Wednesday, October 28, 2009

On the streets of England?

There is an interesting analysis by Jeremy Page in The Times, on the Kabul attack on the UN hostel.

Page thinks the Haqqani Network is the most likely culprit, and the operation certainly seems to have their fingerprints. This, of course, is the organisation based in Miranshah, in North Waziristan, slated as "good Taleban" by the Pakistanis (a ridiculous description), meaning that their efforts are focused on Afghanistan rather than on creating mayhem in Pakistan.

What Page notes, though, is that the attackers in Kabul used similar tactics to their Pakistani counterparts, apparently disguising today's attackers with police uniforms, and using a combination of gunmen and suicide bombers. This points to a closer association between the "Afghan" and the "Pakistani" Taleban than rhetoric would have it.

This is precisely what we were asserting in our earlier piece, suggesting that the distinction was more apparent than real – a convenient artefact, which enable the Pakistani Army to go hunting Taleban in South Waziristan, leaving the northern agency untouched for the time being.

Interestingly, after writing yesterday that experts were suggesting that the operation in South Waziristan was too thinly resourced to achieve any lasting effect and, therefore, that it was "aiming to fail", we picked up and agency piece today, rehearsing the same issue.

It cites Sameer Lalwani, author of a new report for the New America Foundation, who says there are not enough Pakistani troops to challenge the extremists and building up such a strong force would require huge efforts. His estimate is that anything between 370,000 and 430,000 troops would be needed to take on the tribes and carry out an effective counterinsurgency operation in the region.

Yet The Christian Science Monitor quotes Lalwani, as saying "The most Pakistan could free up from its border with India would be 152,000 more. Cobbling together a force of the needed size would take two to five years." Thus, the growing suspicion is that the Pakistani action is largely "cosmetic".

With the massive bombing in Peshawar (pictured), on top of the recent spate of terrorist attacks in Pakistan, Max Fisher over at AtlanticWire blog pulls together a compendium of commentary from the region. One commentator puts the case for the fighting in the tribal areas spilling over into the rest of Pakistan, leading to a full-scale civil war and the demise of Pakistan as a state.

The instability in Pakistan, and the scale of the violence, somewhat relegates Afghanistan to the level of a second-order problem, but it raises the interesting question as to whether our attempts at "nation building" in Afghanistan are actually responsible for triggering the even bigger problem in Pakistan, where we could be witnessing the collapse of a nation.
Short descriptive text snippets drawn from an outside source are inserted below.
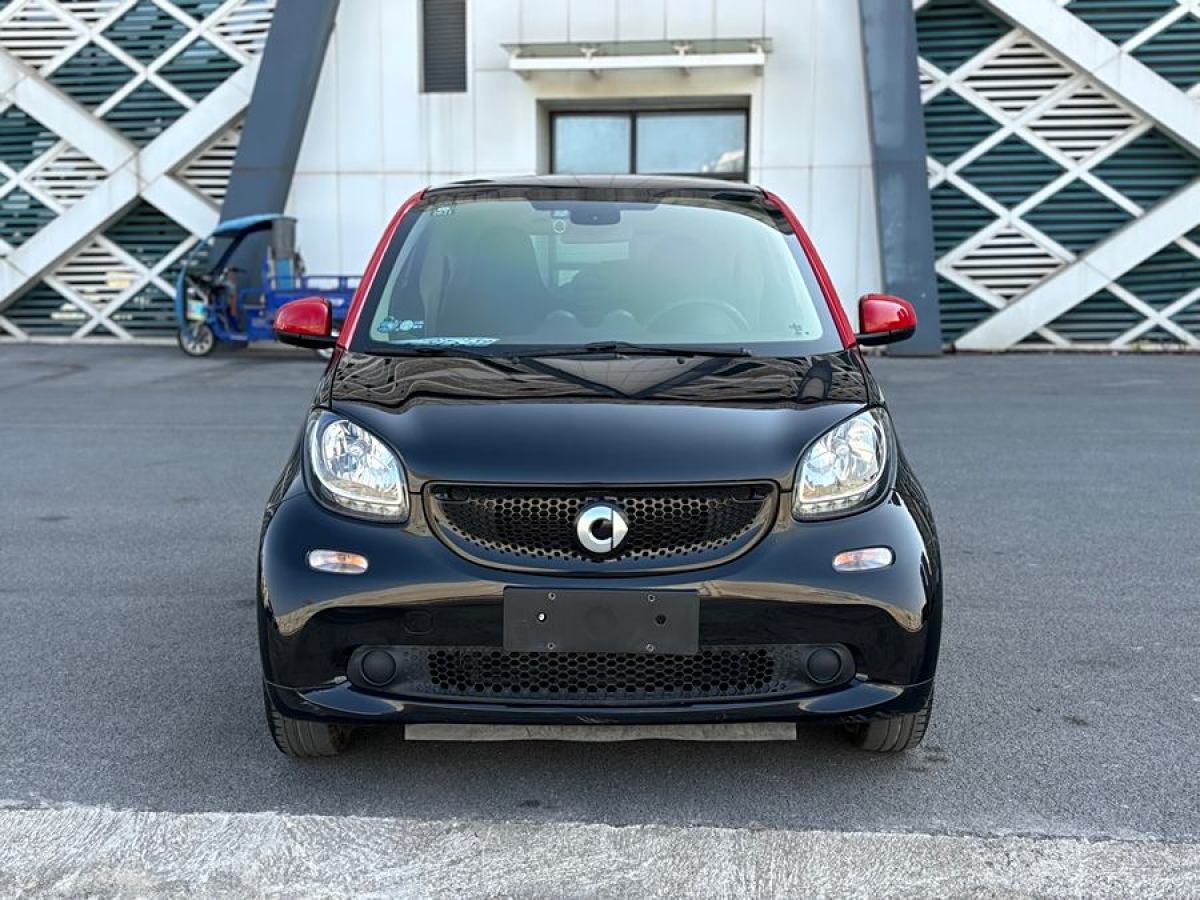 smart fortwo  2019款 0.9T 66千瓦硬頂風(fēng)擎版 國VI圖片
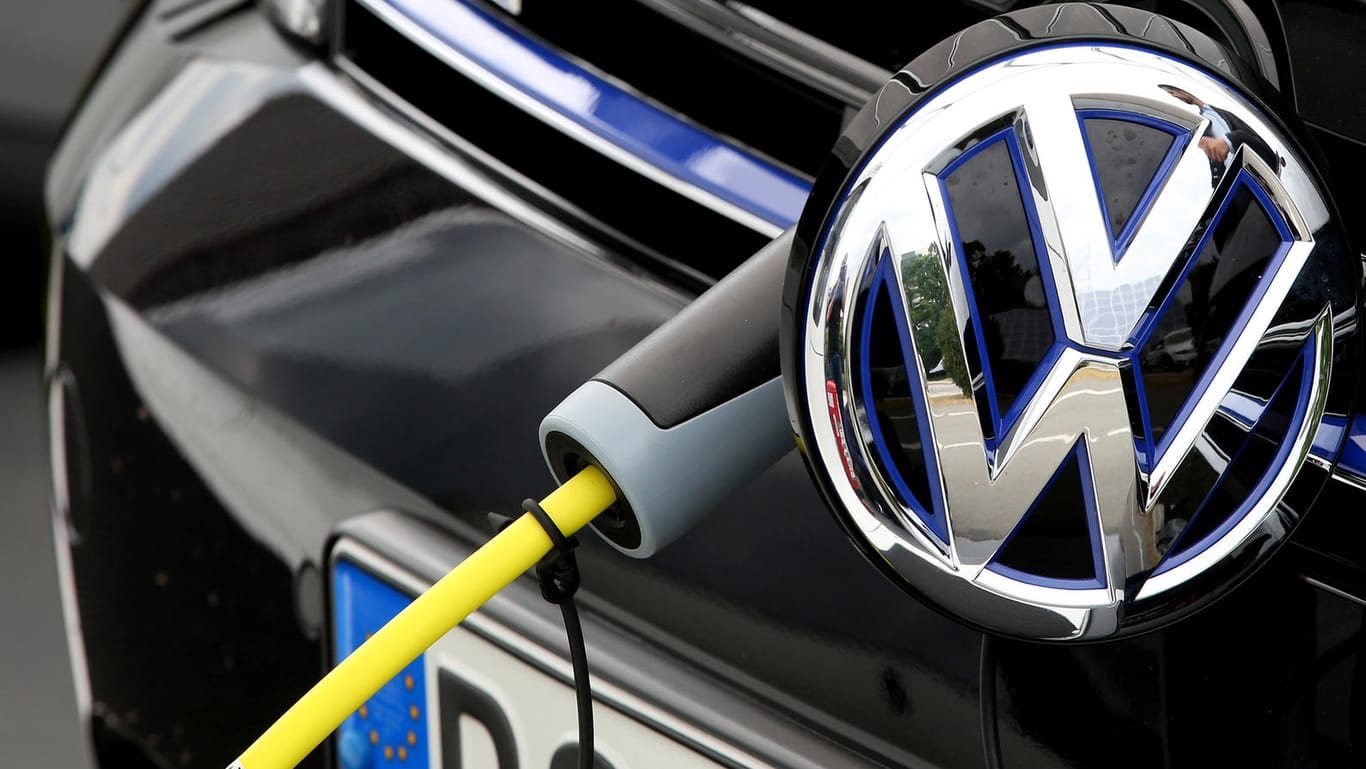 Volkswagen investiert viel in die E-Mobilität. Doch wird das ausreichen?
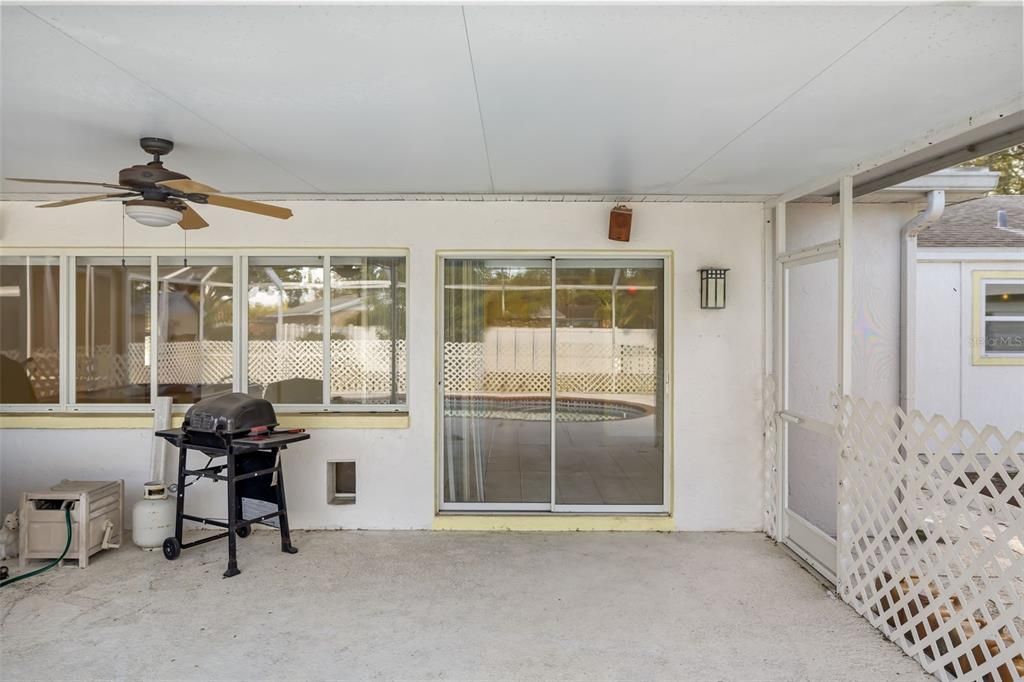 Active With Contract: $310,000 (2 beds, 2 baths, 1632 Square Feet)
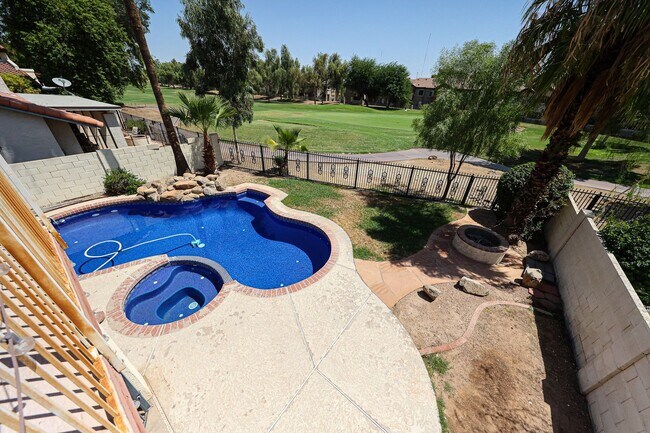 Building Photo - Stunning 3 bedroom, 2.5 bathroom Gold Cour...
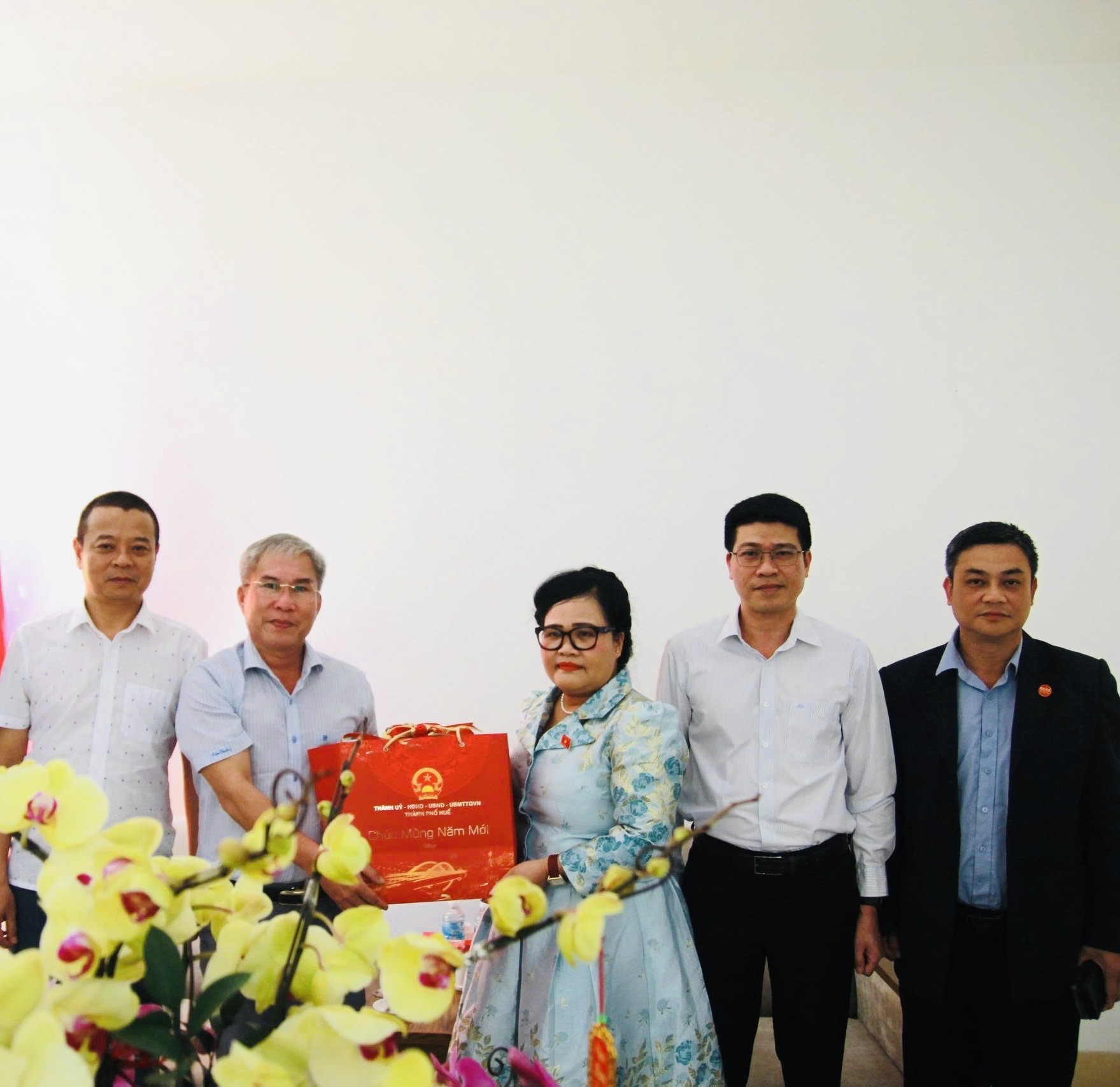 Lãnh đạo Đoàn đại biểu Quốc hội chúc Tết các đơn vị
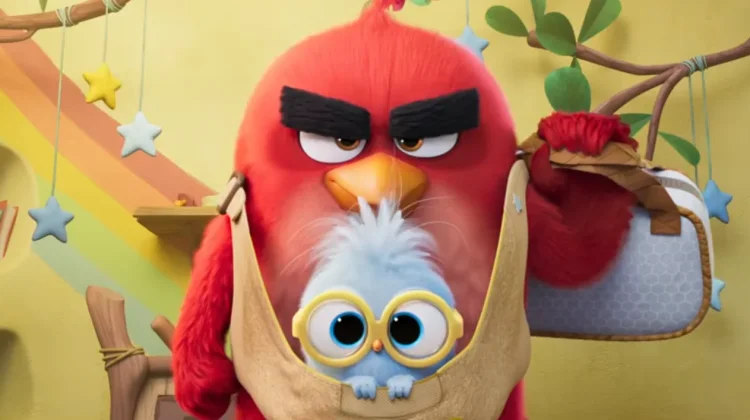 Trailer Angry Birds 3 Tampilkan Red sebagai Ayah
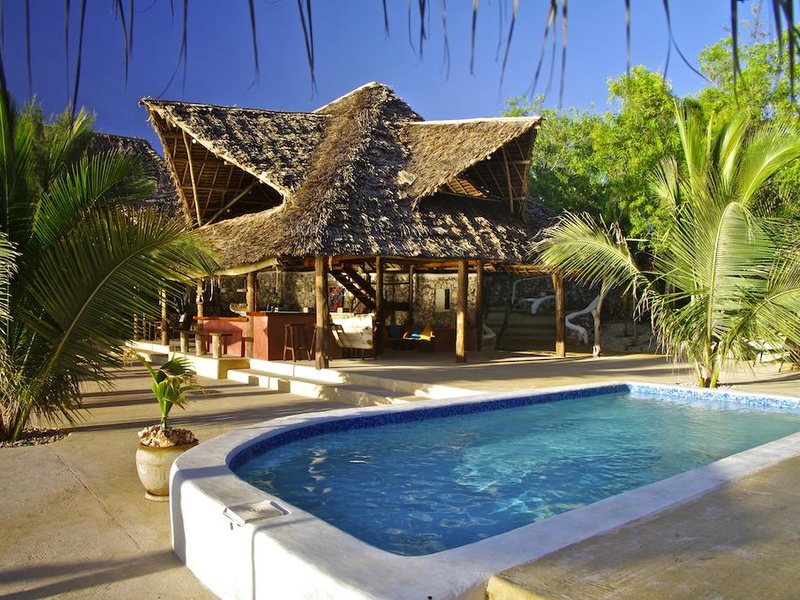 Sunshine Marine Lodge 202548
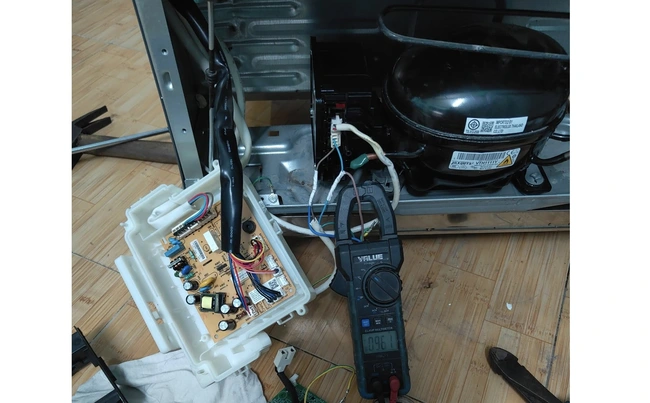 Kiểm tra bo mạch tủ lạnh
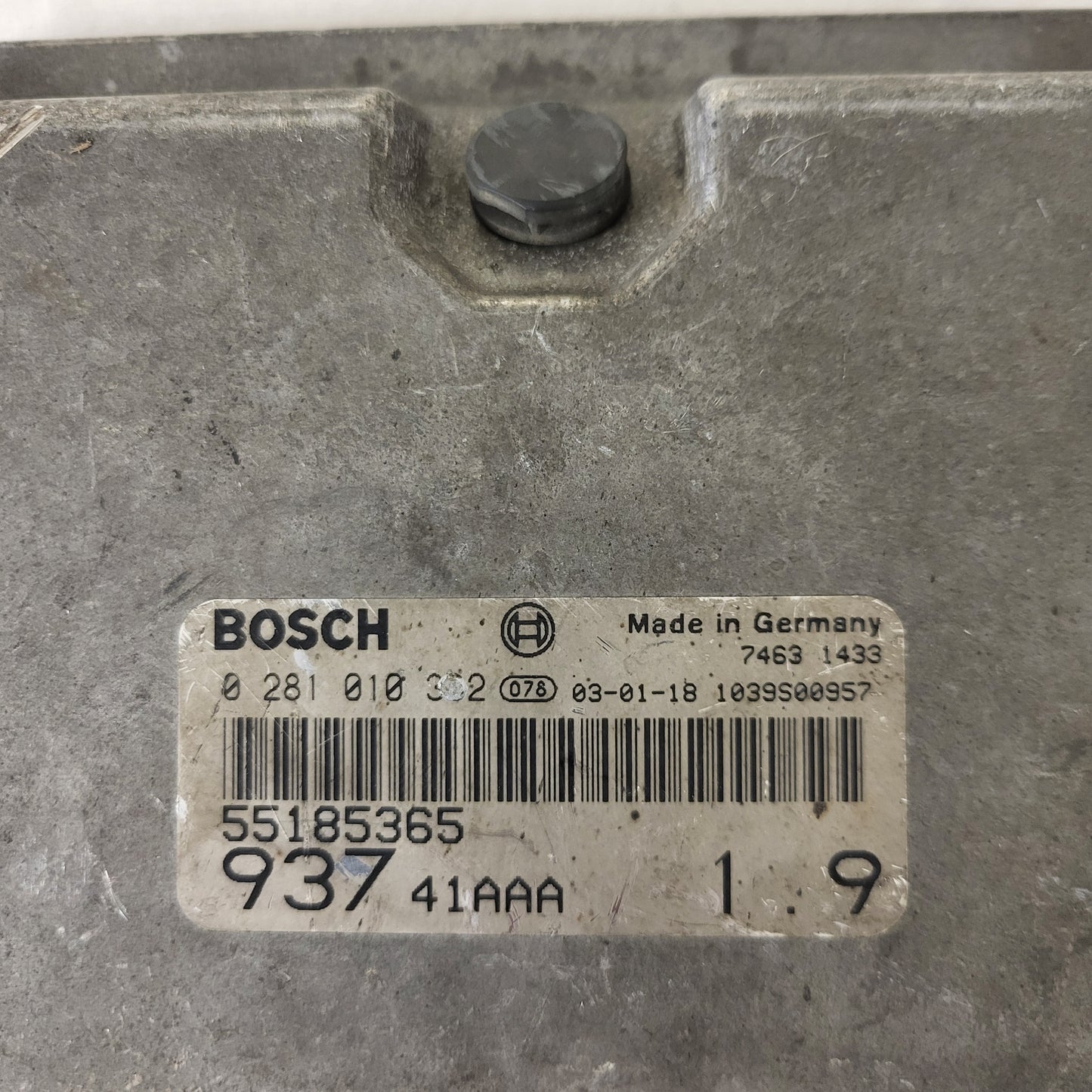 ALFA 147 ECU / 0281010332 / 55185365 / BOSCH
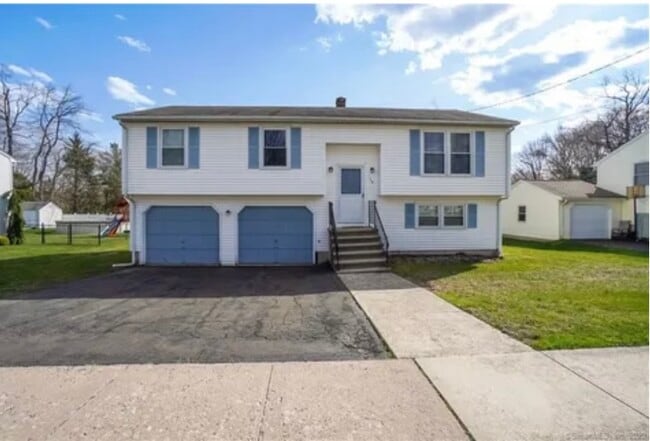 Building Photo - 149 Tanglewood Dr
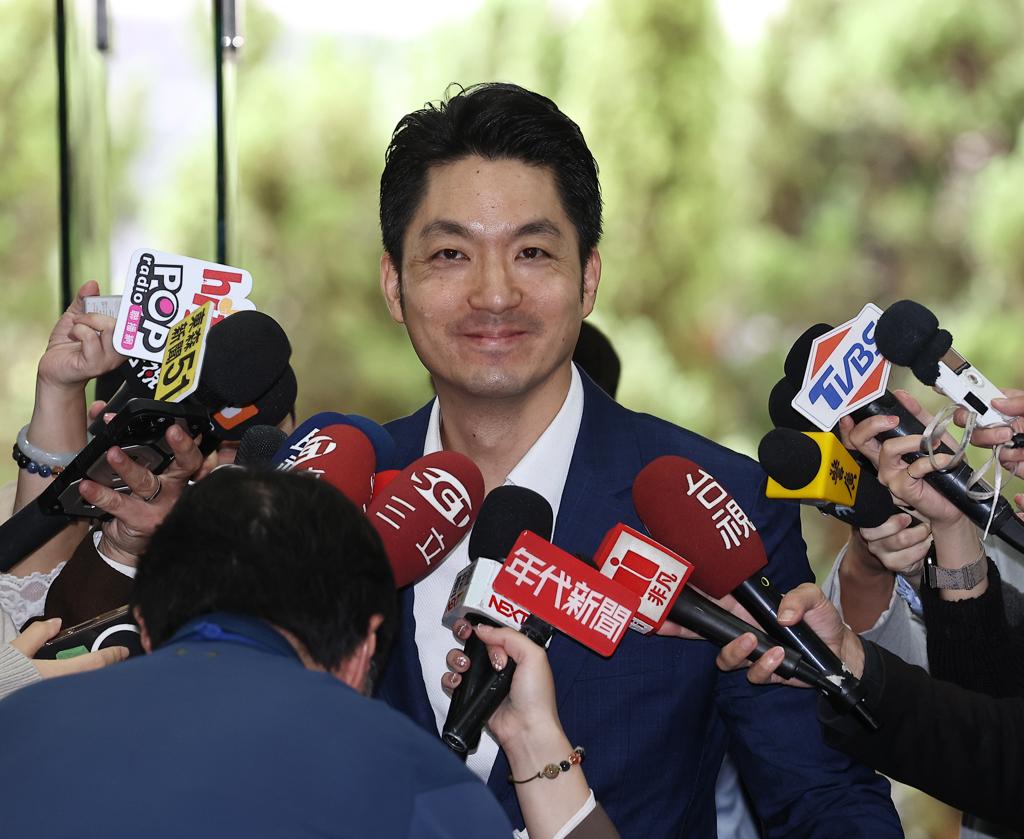 蓝营双箭头分进合击学者献策一招：助蒋万安跳脱被围困局面首都选战攻防日益激烈，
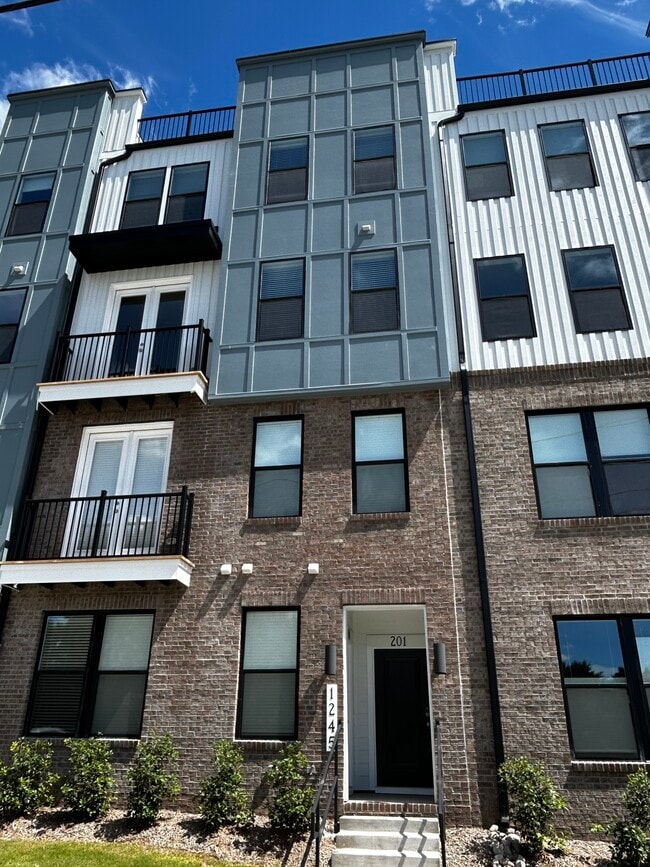 Building Photo - 1245 S Blount St
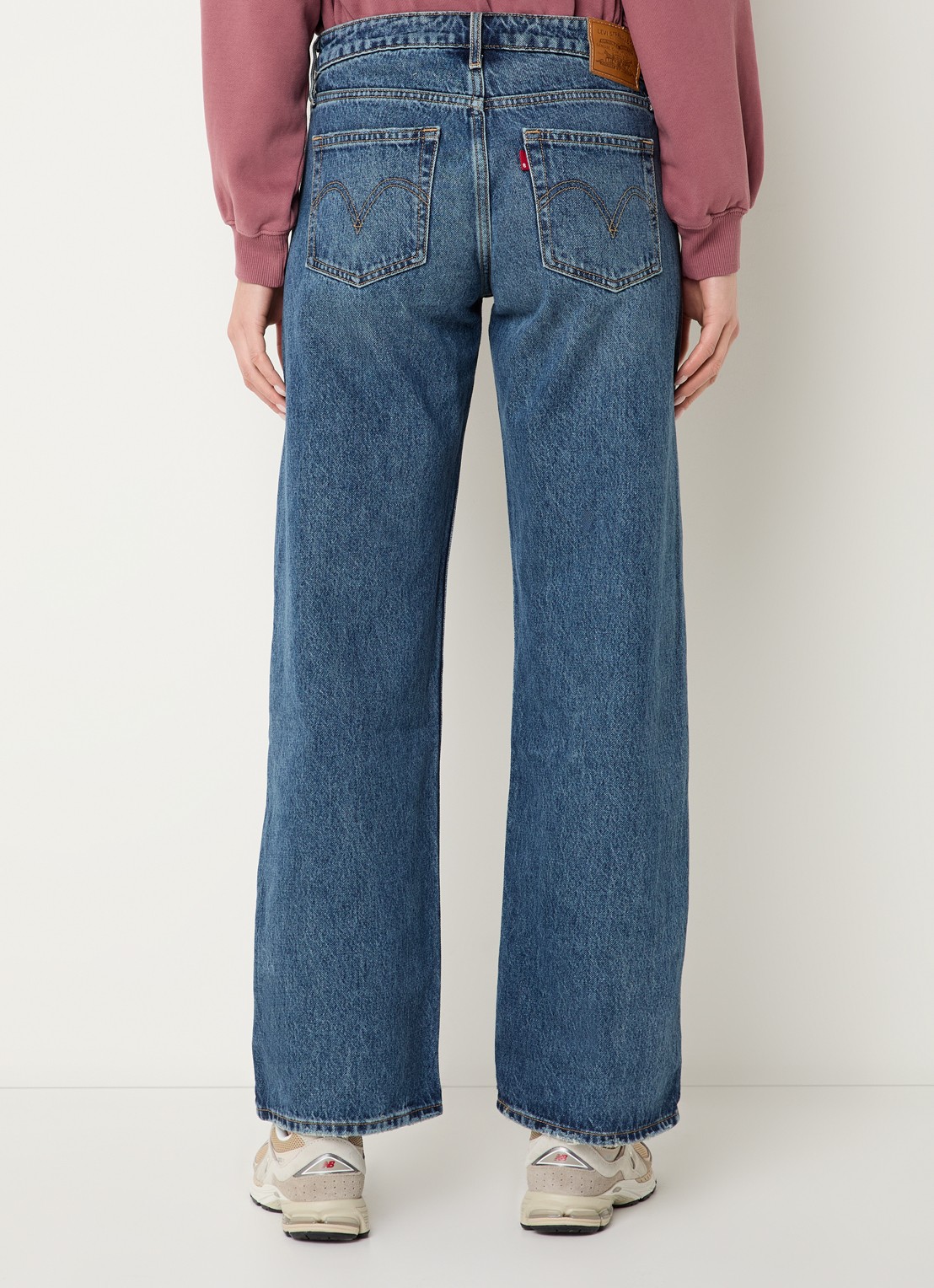 Levi's Low waist loose fit jeans met medium wassing - achterkant 5 indigo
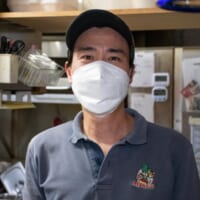 「マイクス」店主の鎌田信行さん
From a domestic (UK) point of view, the growing instability in Pakistan has massive implications. Already under strain from Moslem immigration, much of it from Pakistan, with a growing and highly voluble fundamentalist faction, civil war – or something approaching it – this could trigger another wave of immigration, which would be hard to contain. Current EU rules would prevent us from excluding members of extended families, which collectively could number hundreds of thousands.

And, with regional passions high, we could see the various factions fight out their battles on British turf, the violence spilling over into the streets of England. Kabul and Peshawar may seem distant but this is the "global village" in practice, with faraway events, and policies of which we take little notice, coming back to haunt us in unpleasant and dangerous ways.